| Extracted material |

§ §

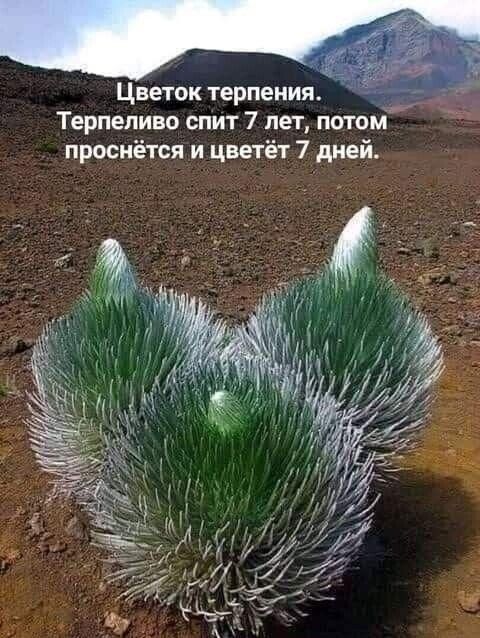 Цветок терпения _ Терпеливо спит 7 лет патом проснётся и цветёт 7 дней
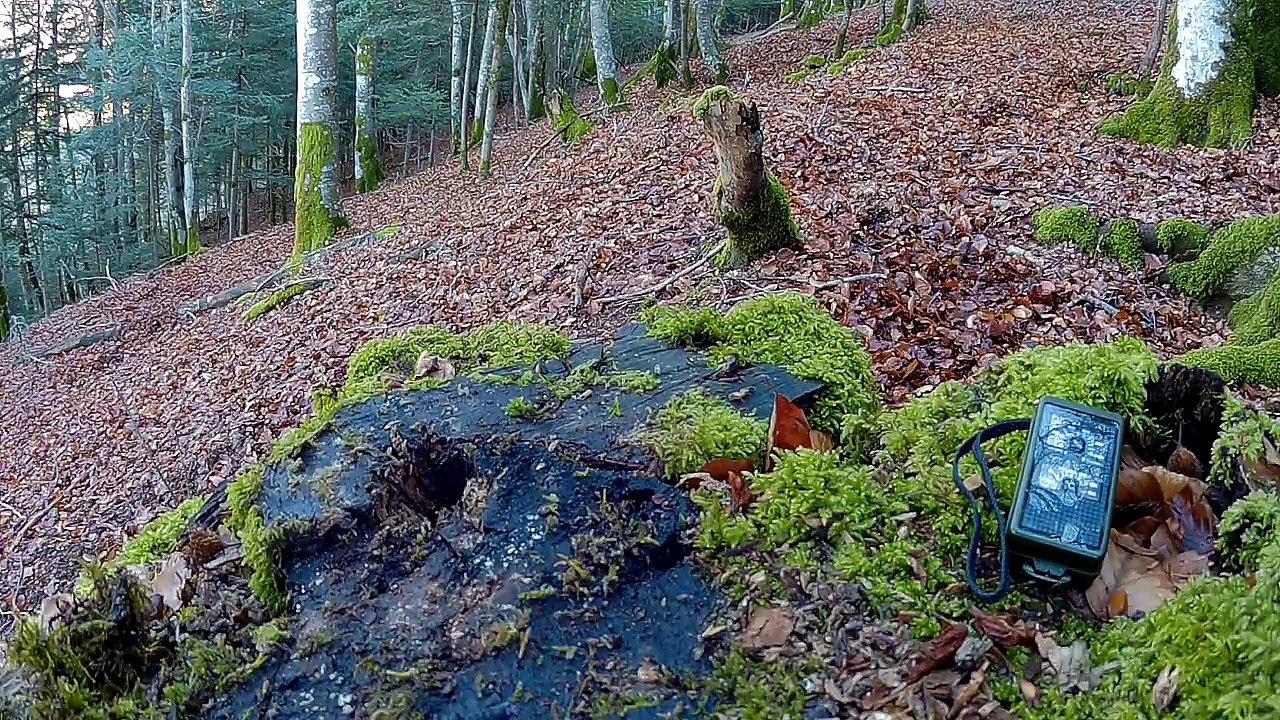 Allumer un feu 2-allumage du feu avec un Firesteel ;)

§ §

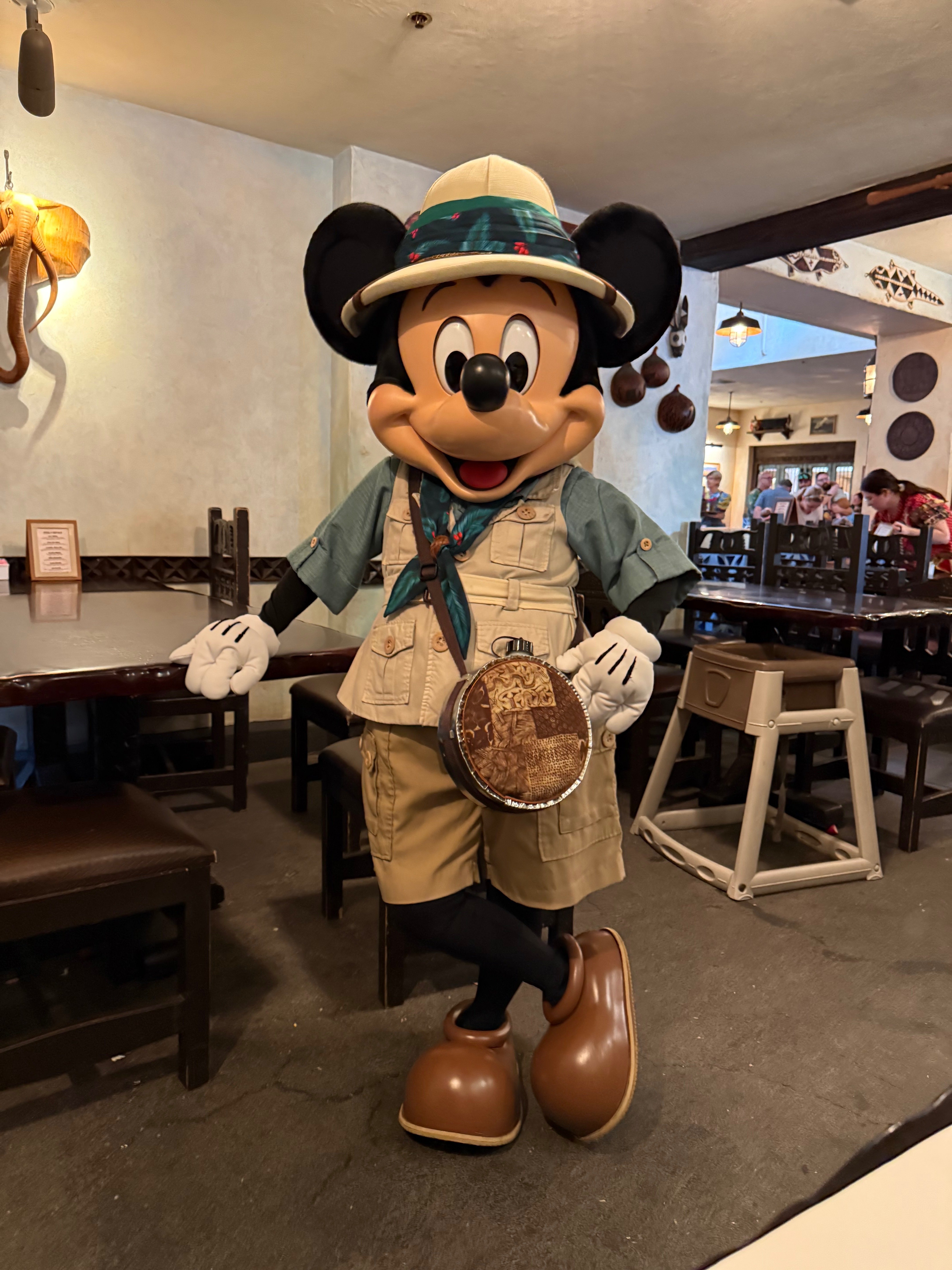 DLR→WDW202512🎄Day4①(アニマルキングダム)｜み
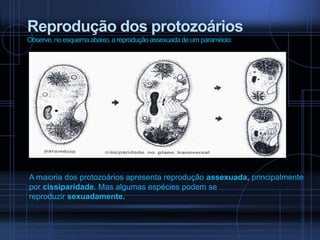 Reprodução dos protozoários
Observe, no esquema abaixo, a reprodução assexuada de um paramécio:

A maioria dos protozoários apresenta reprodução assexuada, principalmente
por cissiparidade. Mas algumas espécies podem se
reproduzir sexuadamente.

§ §

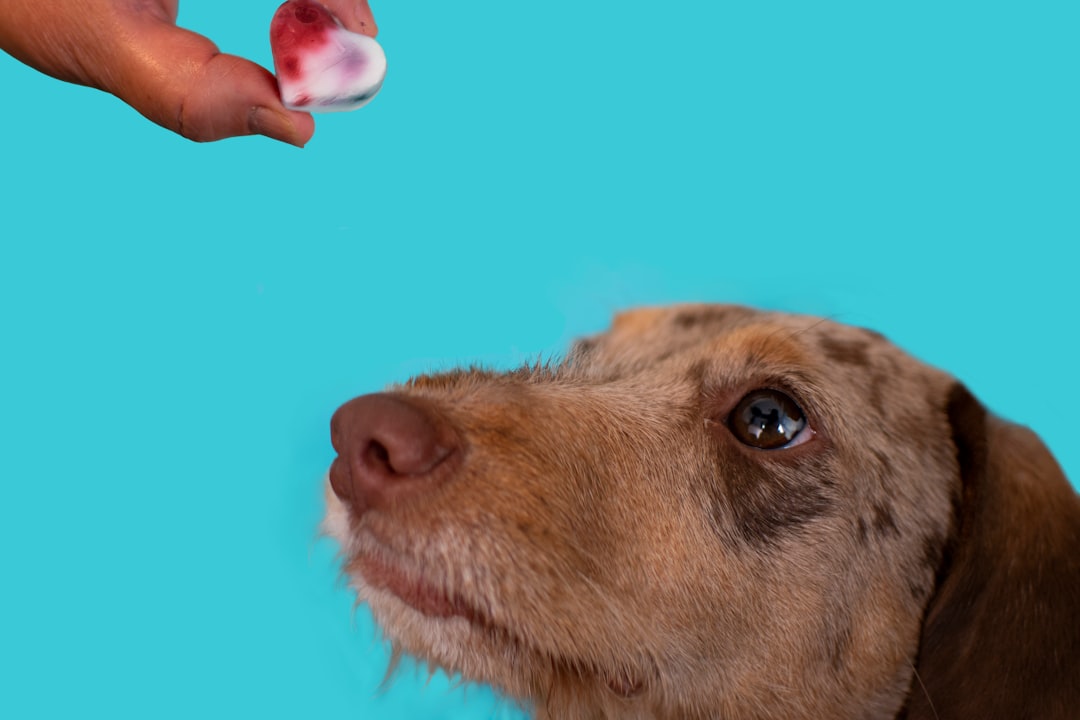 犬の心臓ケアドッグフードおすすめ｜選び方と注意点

§ §

| Task description |
Report every line above that has the string "assexuada" in it.

| Finished exercise |
Observe, no esquema abaixo, a reprodução assexuada de um paramécio:
A maioria dos protozoários apresenta reprodução assexuada, principalmente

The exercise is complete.